In Selaiyur, methane from sewage becomes cooking gas

Novel project by Tambaram municipality generates gas from sewage in Bharat Nagar public toilet

June 15, 2013 03:04 am | Updated 08:12 am IST - CHENNAI:

The gas will serve as fuel for 12 stoves, which can be used free of cost by residents — Photo: M. Srinath

The gas will serve as fuel for 12 stoves, which can be used free of cost by residents — Photo: M. Srinath

Residents of Bharat Nagar in Selaiyur now have access to free, eco-friendly gas for their kitchen use.

Tambaram municipality on Friday launched a bio-methanation plant that will produce gas from sewage generated in a public toilet. This comes in the wake of a good response to the municipality’s novel project, ‘Namma Toilet’ to improve sanitation in public places.

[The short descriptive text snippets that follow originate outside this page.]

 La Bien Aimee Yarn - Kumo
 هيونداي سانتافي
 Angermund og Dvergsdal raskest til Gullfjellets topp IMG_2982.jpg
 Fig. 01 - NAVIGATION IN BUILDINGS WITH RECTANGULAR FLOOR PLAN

The methane gas will serve as fuel for 12 stoves which can be used free of cost by residents. The facility was formally launched at a function on Friday morning at Bharat Nagar in ward no. 21 of the municipality.

A marginalised area

In 1988, Rajiv Gandhi attended the Congress party’s session in Maraimalai Nagar. To widen Grand Southern Trunk for his convoy, people living on the margins were evicted and provided alternate accommodation in Bharat Nagar. Of the 292 households in this locality, 135 do not have individual toilets to this day.

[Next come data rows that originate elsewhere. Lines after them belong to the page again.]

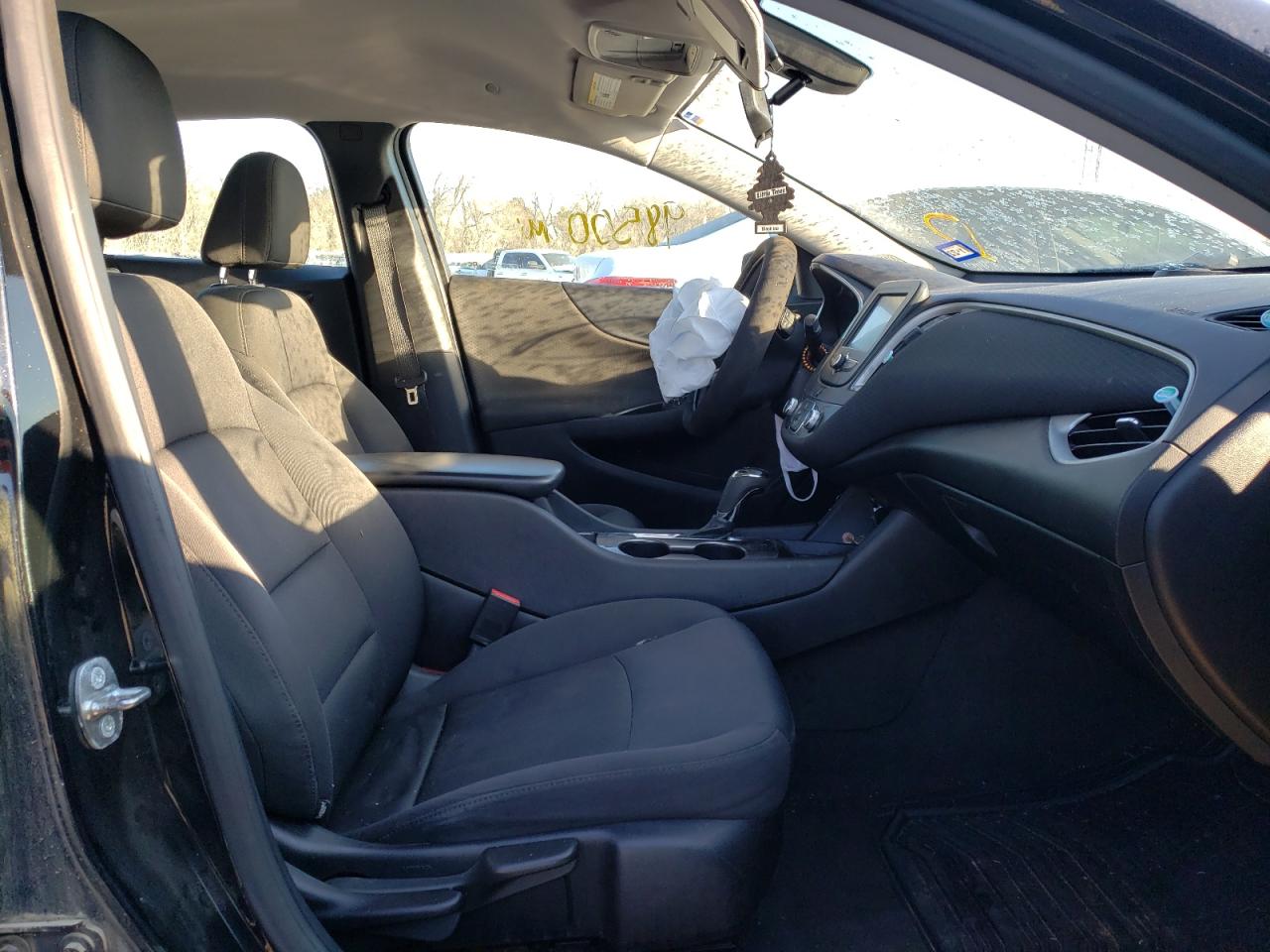 Photo 5 from auction – 2016 CHEVROLET MALIBU LS with VIN 1G1ZB5ST2GF357329
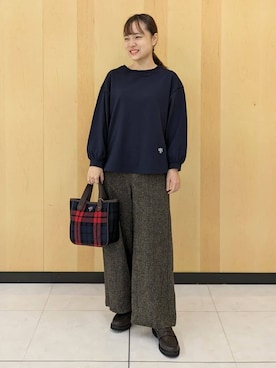 ayayan0702さん(レディース・156cm)の秋コーディネート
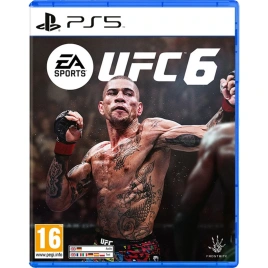 Игра Sony UFC 6 (PS5)
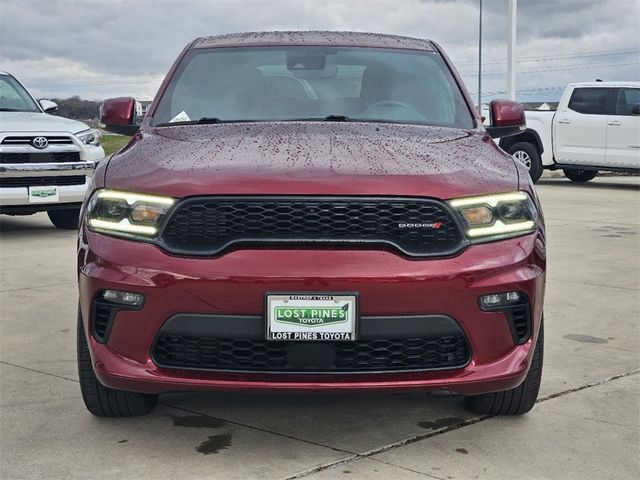 2022 Dodge Durango GT Plus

In 2003, a public toilet was constructed at a cost of Rs. 10 lakh, but was shut down two years later due to lack of maintenance.

“All of us are daily wage earners. Our main grievance has been the lack of toilets. The women especially have been subject to severe inconvenience and embarrassment,” said R. Meena, a Bharat Nagar resident for 25 years.

A decision to spruce up the toilet was taken recently and it was suggested that a bio-methanation plant be added.

Municipal officials said separate toilets for women and men had been created and the sewage generated from them would accumulate in an elliptical digester sunk below the ground.

“The methane gas, generated naturally from the sewage, is directed through an overhead pipe which is then routed through smaller pipes to 12 conventional stoves in a separate kitchen located within the complex. It is free from malodour,” an official said.

The remaining sludge would, for the present, be flushed out through stormwater drains and linked to distribution pipes once the underground drainage project is completed here. User charges of Rs. 50 per family per month would be collected for the toilet facility and this revenue would be spent on its maintenance, the officials said.

K. Rajeswari, Meena’s neighbour, said, most families always ran out of their monthly quota of kerosene. “The liquefied petroleum gas cylinders are beyond our means. The free gas at the kitchen is a huge benefit to all of us,” she said.

Safe, easy to maintain

According to officials, there were no risks involved in the operation of the plant. The gas generated would be enough for 30 families to use the stoves for three hours each in the morning and evening, every day. In addition to the sewage, discarded vegetable waste from households and markets would be collected, shredded and fed into the digester tank, they said.

Officials added that with the spruced-up toilet in place, open defecation would be eliminated.